Peterhead’s “oldest raver” puts home on the market as he bids to leave area

Michael O'Rourke
Michael O'Rourke

The man, who was once dubbed Peterhead’s oldest raver, has put his home on the market as he bids to leave the north east community.

Michael O’Rourke has appeared in court on six occasions for breaching an antisocial behaviour order, which was issued to prevent him from playing his favourite songs too loudly.

It was first imposed in 2014, but despite periods of imprisonment and warnings from sheriffs, the 57-year-old, whose love of country music has frayed relationships with his neighbours, has remained defiant.

He now hopes to leave the town after admitting he had become a “nuisance” to neighbours, who might finally be spared late-night, high-decibel renditions of Jolene and Ring of Fire.

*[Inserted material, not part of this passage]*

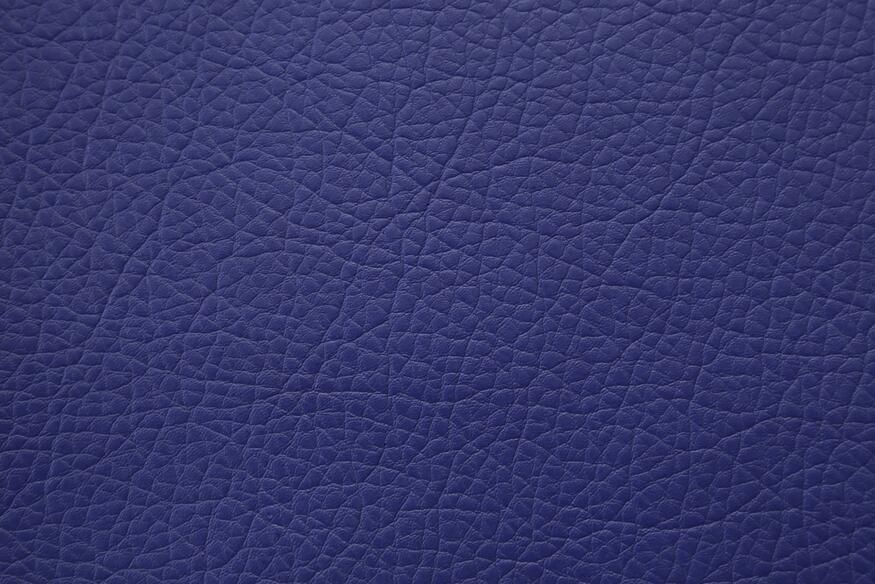 0589 Sax Blue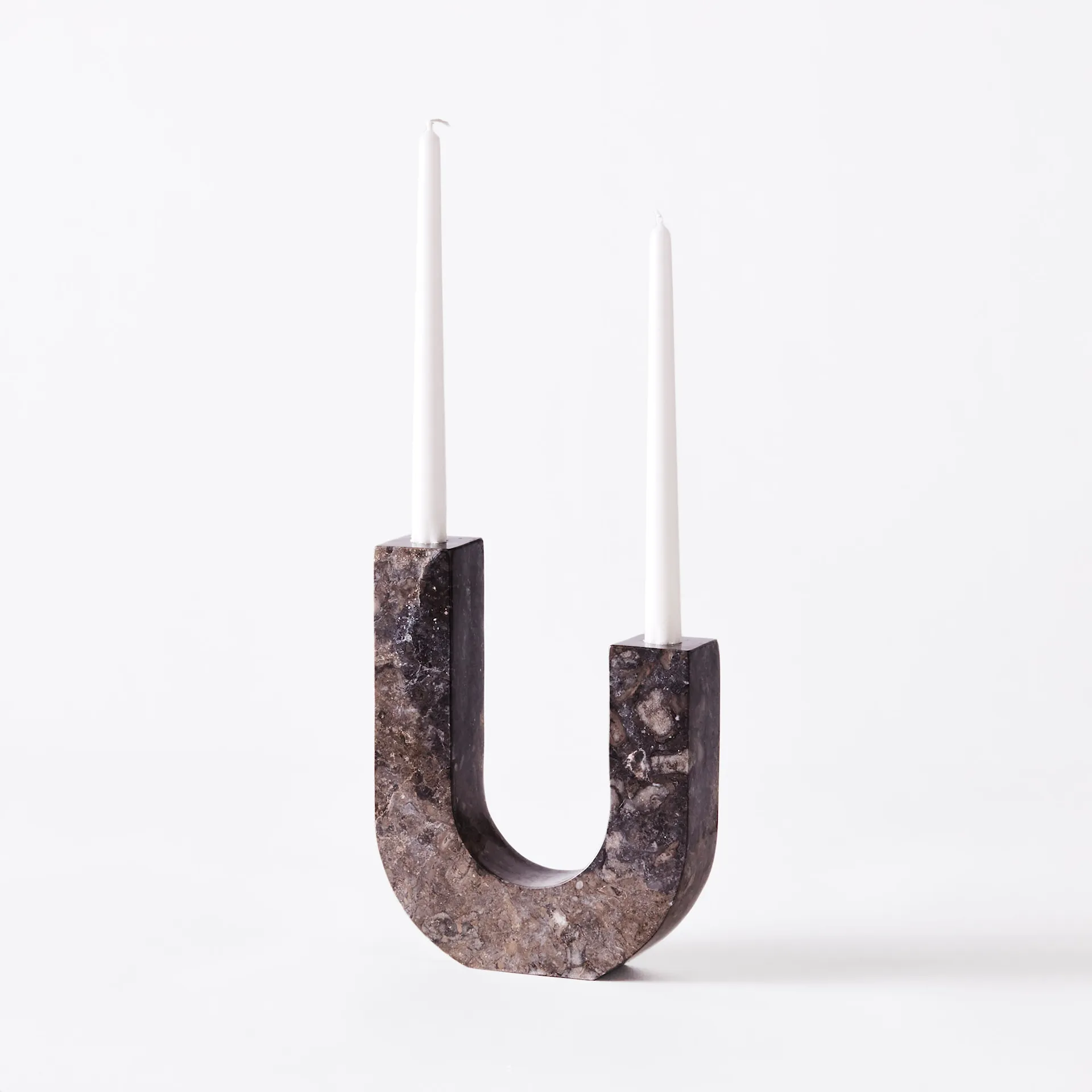 DD Arco Candle Holder - Dusty Deco - Edin & Lina Kjellvertz - NO GA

O’Rourke has employed solicitors John Adam and Stuart Flowerdew, who have represented him in previous court cases, to sell his home at 7 Gadle Braes.

Offers over £80,000 for the ground floor flat are currently being entertained.

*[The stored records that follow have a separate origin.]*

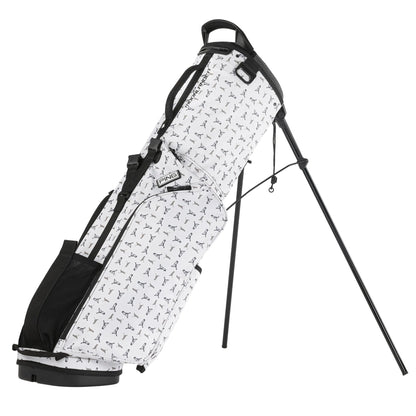 Ping Moonlander 244 Golf Stand Bag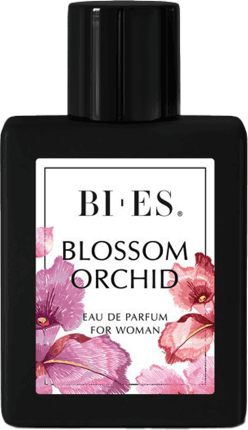 Bi-Es Apă de parfum Blossom Orchidee, 100 ml Frumusete si ingrijire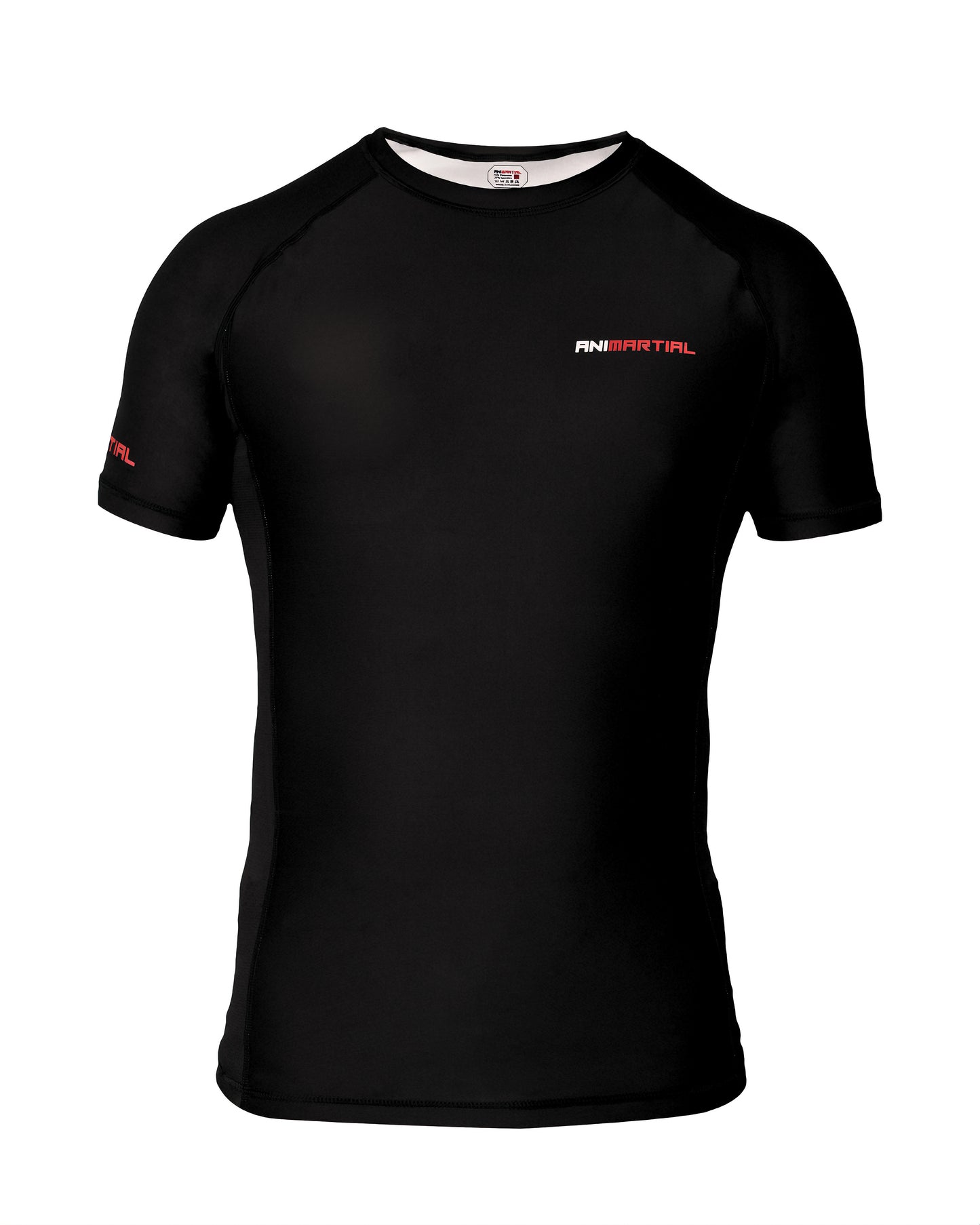 MMA Rushguard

The legal team have billed the two-bedroom home as “deceptively spacious” and boasting “stunning” sea views, and have even alluded to its history.

O’Rourke had installed, at his own expense, soundproofing measures in an effort to dampen the effect his music had on those around him.

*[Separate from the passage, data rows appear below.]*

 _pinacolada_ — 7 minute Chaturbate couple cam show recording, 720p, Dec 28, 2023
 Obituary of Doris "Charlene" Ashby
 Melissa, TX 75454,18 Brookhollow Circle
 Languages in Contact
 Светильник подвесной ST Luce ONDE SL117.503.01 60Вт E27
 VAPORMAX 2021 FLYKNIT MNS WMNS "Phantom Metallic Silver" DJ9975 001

The advertisement for his home reads: “Of particular note is the feature alcove in the living room, with adjustable lighting and soundproofing.

“This property is situated in a popular residential area of Peterhead close to a local school and amenities.

“[It] must be seen to appreciate the space this home has to offer. The property benefits from gas central heating, double glazing and a CCTV security system.”

The C & W music fan last appeared in court in April, when he revealed his intention to move away from Peterhead.

He was due to be sentenced for breaches of his Asbo and slapping a police officer.

At the time, Sheriff Andrew Miller deferred sentencing for two months to allow O’Rourke to finalise the sale of his home and prove he could display good behaviour.